The upcoming season is a pretty important one for the Pac-12 and its various teams. The league is looking to end a College Football Playoff drought. Its individual teams are looking to either re-establish themselves as contenders, prove themselves contenders, or build themselves into contenders.

To that end, some games will be more important than others.

Here are the seven most important ones.

No. 7 Utah at Florida, Sept. 3, 4 p.m. PT

Why it’s important: Utah is the Pac-12’s best immediate shot at the CFP. It’s probably asking too much of Lincoln Riley or Dan Lanning to compete for one of those four spots in their first year — regardless of how talented. Utah might not have the most talent in the league, but it probably has the best coaching, top to bottom. Don’t let anyone tell you this team doesn’t have a run in them. But if Utah opens its season with a loss to a Florida team playing its first game under a new coaching staff — no matter how close — the message will immediately shift from the league’s potential to the league’s irrelevance on the national scale. Particularly after this summer of conference realignment chaos. No pressure.

No. 11 Oregon vs. No. 24 BYU, Sept. 17, 12:30 p.m.

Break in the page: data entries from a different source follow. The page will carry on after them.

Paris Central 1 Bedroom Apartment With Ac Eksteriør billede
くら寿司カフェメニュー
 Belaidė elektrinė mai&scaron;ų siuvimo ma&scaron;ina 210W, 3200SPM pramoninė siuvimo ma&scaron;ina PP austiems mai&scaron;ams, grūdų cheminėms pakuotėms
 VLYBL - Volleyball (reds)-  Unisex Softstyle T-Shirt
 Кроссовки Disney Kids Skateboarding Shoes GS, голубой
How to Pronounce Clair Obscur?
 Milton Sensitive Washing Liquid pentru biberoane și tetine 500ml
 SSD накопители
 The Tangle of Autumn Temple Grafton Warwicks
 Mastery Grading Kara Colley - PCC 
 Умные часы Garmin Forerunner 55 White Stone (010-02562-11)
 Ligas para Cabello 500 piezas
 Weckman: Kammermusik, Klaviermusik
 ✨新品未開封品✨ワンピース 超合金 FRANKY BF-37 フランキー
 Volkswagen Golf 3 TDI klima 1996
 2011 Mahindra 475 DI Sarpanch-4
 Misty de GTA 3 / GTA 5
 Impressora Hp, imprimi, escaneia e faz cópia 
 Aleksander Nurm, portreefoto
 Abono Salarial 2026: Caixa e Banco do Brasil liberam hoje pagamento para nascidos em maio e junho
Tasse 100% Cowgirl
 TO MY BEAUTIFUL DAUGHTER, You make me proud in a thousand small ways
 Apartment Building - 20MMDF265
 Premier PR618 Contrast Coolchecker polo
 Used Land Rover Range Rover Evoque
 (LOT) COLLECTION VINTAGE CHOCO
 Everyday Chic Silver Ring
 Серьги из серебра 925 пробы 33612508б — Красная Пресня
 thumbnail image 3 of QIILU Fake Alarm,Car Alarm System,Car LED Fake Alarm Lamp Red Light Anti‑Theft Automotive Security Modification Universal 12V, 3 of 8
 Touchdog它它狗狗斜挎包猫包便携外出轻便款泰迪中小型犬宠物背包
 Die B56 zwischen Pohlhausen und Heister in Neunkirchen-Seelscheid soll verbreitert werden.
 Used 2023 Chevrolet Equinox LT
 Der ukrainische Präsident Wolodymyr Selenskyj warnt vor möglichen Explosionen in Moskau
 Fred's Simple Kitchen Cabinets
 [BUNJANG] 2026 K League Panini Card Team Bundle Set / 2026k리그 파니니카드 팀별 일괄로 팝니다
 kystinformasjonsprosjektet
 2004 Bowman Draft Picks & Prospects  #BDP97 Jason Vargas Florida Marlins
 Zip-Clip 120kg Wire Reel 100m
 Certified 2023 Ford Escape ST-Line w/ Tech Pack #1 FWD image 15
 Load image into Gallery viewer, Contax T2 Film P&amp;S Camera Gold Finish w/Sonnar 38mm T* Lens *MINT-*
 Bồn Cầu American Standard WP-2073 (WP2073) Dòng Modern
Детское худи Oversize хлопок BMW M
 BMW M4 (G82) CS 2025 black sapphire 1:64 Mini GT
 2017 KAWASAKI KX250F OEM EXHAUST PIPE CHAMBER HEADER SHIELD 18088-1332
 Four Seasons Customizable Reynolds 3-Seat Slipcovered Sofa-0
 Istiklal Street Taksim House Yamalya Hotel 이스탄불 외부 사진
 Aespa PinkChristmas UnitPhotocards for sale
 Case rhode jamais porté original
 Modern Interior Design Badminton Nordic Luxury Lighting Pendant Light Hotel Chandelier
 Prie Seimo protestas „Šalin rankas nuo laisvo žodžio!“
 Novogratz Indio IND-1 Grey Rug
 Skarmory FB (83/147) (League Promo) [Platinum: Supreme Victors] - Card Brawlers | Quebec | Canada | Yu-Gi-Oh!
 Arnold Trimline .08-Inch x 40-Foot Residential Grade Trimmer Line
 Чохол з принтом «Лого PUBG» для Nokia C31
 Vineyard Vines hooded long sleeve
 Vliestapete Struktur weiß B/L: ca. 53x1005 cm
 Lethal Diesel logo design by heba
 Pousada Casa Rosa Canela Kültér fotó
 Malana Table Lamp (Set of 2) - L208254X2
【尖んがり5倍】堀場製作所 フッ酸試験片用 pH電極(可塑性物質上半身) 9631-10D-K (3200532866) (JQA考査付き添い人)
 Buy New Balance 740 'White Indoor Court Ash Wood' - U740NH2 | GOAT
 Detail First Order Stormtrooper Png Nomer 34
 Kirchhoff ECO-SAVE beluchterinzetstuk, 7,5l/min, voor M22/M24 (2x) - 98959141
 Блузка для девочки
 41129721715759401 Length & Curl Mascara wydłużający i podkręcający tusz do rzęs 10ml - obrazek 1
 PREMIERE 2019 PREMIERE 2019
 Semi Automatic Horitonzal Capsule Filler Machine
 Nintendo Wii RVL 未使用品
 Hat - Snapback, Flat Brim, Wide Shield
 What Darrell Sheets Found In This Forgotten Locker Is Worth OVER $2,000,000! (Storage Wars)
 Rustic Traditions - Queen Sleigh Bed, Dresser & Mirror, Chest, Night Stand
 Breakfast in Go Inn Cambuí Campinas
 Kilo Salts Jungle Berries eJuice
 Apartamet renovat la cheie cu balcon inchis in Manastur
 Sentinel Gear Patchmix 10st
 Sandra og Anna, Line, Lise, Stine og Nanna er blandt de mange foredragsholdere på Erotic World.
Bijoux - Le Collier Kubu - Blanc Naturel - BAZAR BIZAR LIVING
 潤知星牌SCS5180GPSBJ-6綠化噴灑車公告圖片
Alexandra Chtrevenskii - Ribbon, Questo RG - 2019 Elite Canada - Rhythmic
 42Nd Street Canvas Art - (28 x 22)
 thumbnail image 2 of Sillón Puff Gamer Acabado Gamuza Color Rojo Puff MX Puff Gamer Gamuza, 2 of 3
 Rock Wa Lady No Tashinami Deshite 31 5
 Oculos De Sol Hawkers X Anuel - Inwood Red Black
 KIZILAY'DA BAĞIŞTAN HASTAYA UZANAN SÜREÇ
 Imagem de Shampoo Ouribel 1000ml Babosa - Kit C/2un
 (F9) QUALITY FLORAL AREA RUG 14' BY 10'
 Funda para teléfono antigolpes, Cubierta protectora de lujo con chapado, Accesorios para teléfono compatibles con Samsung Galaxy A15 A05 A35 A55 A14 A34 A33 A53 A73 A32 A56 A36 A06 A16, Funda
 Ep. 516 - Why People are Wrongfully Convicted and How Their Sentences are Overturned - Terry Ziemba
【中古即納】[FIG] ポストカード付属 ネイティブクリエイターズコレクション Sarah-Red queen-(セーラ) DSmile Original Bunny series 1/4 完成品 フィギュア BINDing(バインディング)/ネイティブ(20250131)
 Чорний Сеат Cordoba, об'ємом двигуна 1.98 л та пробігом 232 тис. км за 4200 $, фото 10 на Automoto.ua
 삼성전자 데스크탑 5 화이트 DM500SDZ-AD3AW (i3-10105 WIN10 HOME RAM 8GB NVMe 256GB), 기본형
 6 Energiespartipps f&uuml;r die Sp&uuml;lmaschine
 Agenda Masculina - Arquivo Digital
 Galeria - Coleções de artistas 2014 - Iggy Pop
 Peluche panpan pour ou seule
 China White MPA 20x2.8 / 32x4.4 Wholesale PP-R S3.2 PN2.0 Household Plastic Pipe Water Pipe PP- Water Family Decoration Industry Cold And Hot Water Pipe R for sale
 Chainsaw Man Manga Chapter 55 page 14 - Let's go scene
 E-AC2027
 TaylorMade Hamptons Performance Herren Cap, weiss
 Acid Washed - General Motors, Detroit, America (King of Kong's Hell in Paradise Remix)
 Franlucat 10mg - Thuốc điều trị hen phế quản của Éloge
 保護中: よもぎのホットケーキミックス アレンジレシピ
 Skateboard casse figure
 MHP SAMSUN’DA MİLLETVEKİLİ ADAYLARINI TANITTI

PT

Why it’s important: This is an interesting spot for the Ducks. Few expect Oregon, an 18-point underdog in its opener, to beat the Georgia Bulldogs. Even fewer should think Oregon could possibly lose the following week to Eastern Washington at home. So, a mid-September showdown with a strong BYU squad could shape the Ducks’ season. Let’s just say Oregon manages to pull off a wild upset in Week 1. A win over BYU puts the Ducks at 3-0 with a pair of Top 25 wins before conference play begins. Utah comes to Autzen. USC isn’t on the schedule. That’s the beginning of a dream first year for Dan Lanning. Now, let’s say that Oregon loses to the Bulldogs. A date with BYU puts the Ducks in danger of a 1-2 start. That hasn’t happened since 2004 — and that squad finished 5-6. It’ll be a revelatory first month of the season for Oregon. A 2-1 start feels like the more likely outcome here, but it’s not a given. The result will set the stage for the rest of the year for the league’s top contenders.

No. 7 Utah at UCLA, Oct. 8

Why it’s important: A big test for the Utes because of where it falls on the schedule. By the time they land in Los Angeles, Utah will have faced Florida in Florida, a San Diego State team with a stout defense, an Arizona State team in Tempe that figures to pound the ball and play hard-nosed defense up front, and an Oregon State team that is going to try and impose its will in the trenches… Utah could be a little beat up when it gets to UCLA. The Bruins’ offense isn’t what you’d want to see at that point. This will be UCLA’s first real “prove it” moment of the season. There’s a ton of “Rose Bowl or bust” talk coming out of Westwood, and the team should be 5-0 at this point.

No. 14 USC at No. 7 Utah, Oct. 15

Why it’s important: Do I need to write anything here? I mean, come on. Continuity vs. new everything. Defending champ vs. challenger. Power vs. speed. This game is expected to have Pac-12 title and CFP implications.

Washington at No. 11 Oregon, Nov. 12

Why it’s important: A week before Oregon tries to exact revenge for last year’s embarrassment against Utah, it faces a Washington team it has dominated. Oregon is 15-2 against its rivals to the north in the last 17 meetings. Kalen DeBoer is trying to re-capture the Huskies’ national respect. Turning around this one-sided rivalry will help. Oregon better not get caught looking ahead.

No. 7 Utah at No. 11 Oregon, Nov. 19

Why it’s important: The two best teams in the Pac-12 of late. Utah took both meetings last season in dominant fashion. Oregon hosts the defending league winners this time around. The atmosphere should be incredible. The stakes could be enormous. If Utah is still in the hunt for a Playoff spot at this point, a win over Oregon on the road will be the crown jewel of the résumé. If Oregon is sitting with only the Georgia loss on its ledger, a win over Utah could catapult it into CFP contention.

No. 14 USC at UCLA, Nov. 19

Why it’s important: The battle for L.A. carries major implications. UCLA wants to prove last year’s result wasn’t just a product of USC’s lost season. This season is about proving it belongs for Kelly and Co. USC needs to make amends for the face-plant in this game last year. The result of this one feels like it could decide the No. 2 team heading to Las Vegas for the conference title game.